Tanrıkulu, yerel seçim sürecinde devletin tüm imkanları AK Parti için seferber edildiğini belirterek, şunları söyledi:
"Adalet ve Kalkınma Partisi bir devlet partisine dönüşmüş durumda. Dolayısıyla devletin bütün imkanlarının seferber edildiği bir ortam var bütün bölgede. Neredeyse bütün Türkiye'de bunu hissediyoruz ama burada daha ağırlıklı olarak hissediyoruz. Çünkü Türkiye'nin diğer bölgelerinden farklı olarak bir de devletin güvenlik güçlerinin seferber olduğu bir ortam var bütün bölgede. Onlarla mücadele edeceğiz, ediyoruz. Şunu ifade edeyim: Seçimlerin adil olması seçim günü ile ilgili bir mesele değildir. Oy vermenin başladığı ve bittiği süre ile ilgili değildir. Oy verme gününe ilişkin değildir sadece. Seçim takviminin başlamasından seçim sonuçlarının ilan edilmesine, kesinleşmesine kadar olan bir süreyi ifade eder. Bütün bu sürecin adil olması lazım. Ama biliyoruz ki adil değil. Seçmen yazılımından propaganda süresine kadar geçen süre adil bir süreci ifade etmiyor” dedi.
‘KAMU GÖREVLİLERİ AK PARTİ ÜYELERİ GİBİ ÇALIŞIYOR’
Belediye başkanlıklarına görevlendirilen kayyumların AK Parti üyesi gibi çalıştıklarını belirten Tanrıkulu, şunları söyledi:
“Burada valinin, diğer mülki idare amirlerinin doğrudan doğruya Adalet ve Kalkınma Partisi’nin üyeleri gibi çalıştığını biliyoruz. Ayrıca Diyarbakır'da yaklaşık 8 yıldır kayyum yönetimi var. Yerel yönetimlerin bütün imkanları Adalet ve Kalkınma Partisi’ne ve adaylarına seferber edilmiş durumdadır. Bunları biliyoruz ve görüyoruz. Sonuçta bu toplumun hafızası vardır, bizim de hafızamız vardır. Ben buradan hem tecrübeli bir hukukçu tecrübeli bir siyasetçi ve milletvekili olarak söylüyorum ve bu kamu görevlilerini buradan uyarıyorum, Diyarbakır'dan uyarıyorum, özellikle Diyarbakır'dakileri uyarıyorum, Diyarbakır milletvekili olarak uyarıyorum: Gördüğümüz her hukuksuzluğu kaydedeceğiz ve mutlaka suç duyurusunda bulunacağız. Türkiye Büyük Millet Meclisi’nin kayıtlarına geçireceğiz. Dolayısıyla 'Ben bugün yaptım, yanıma kar kaldı, yarın öbür gün başka yere giderim, unutulur' değil.

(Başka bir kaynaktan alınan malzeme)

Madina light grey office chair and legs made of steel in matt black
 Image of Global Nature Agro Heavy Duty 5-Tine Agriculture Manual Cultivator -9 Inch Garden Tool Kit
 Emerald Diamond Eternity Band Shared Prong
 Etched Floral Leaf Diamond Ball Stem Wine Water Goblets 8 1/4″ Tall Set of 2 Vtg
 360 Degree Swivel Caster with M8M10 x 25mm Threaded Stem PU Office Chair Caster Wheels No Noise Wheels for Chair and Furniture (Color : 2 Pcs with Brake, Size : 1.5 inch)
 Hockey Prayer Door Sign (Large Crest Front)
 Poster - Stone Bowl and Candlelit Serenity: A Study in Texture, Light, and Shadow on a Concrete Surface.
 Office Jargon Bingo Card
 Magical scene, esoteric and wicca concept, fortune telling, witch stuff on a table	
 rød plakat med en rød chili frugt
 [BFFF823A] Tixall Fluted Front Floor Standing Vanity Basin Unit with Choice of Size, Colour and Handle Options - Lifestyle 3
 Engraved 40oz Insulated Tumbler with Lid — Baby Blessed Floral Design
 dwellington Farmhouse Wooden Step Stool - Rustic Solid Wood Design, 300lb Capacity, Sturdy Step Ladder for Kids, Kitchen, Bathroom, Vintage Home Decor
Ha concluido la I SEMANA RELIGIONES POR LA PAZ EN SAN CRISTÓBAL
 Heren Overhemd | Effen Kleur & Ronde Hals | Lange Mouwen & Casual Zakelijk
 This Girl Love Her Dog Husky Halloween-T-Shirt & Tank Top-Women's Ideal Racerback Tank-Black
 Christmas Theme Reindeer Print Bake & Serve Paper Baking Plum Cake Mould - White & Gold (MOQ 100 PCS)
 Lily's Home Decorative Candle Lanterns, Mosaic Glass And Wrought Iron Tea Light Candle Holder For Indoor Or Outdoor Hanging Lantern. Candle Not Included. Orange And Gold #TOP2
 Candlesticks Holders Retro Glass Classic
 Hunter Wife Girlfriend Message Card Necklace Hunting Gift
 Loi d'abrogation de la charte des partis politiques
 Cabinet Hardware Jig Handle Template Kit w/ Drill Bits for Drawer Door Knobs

Yarın, öbür gün devran dönerse, sonra 'Biz ne yaptık, niye böyle yaptık' demesinler. Kamu görevlisi süreci de uzun süreçlerdir. Diyarbakır'da çalışan çok genç kamu görevlileri var, önlerinde uzun meslek yaşamları var. O meslek yaşamlarını şimdiden Diyarbakır'da kötü bir anıyla, kötü bir sicille noktalamasınlar. Buradan benim tavsiyem kendilerine odur.”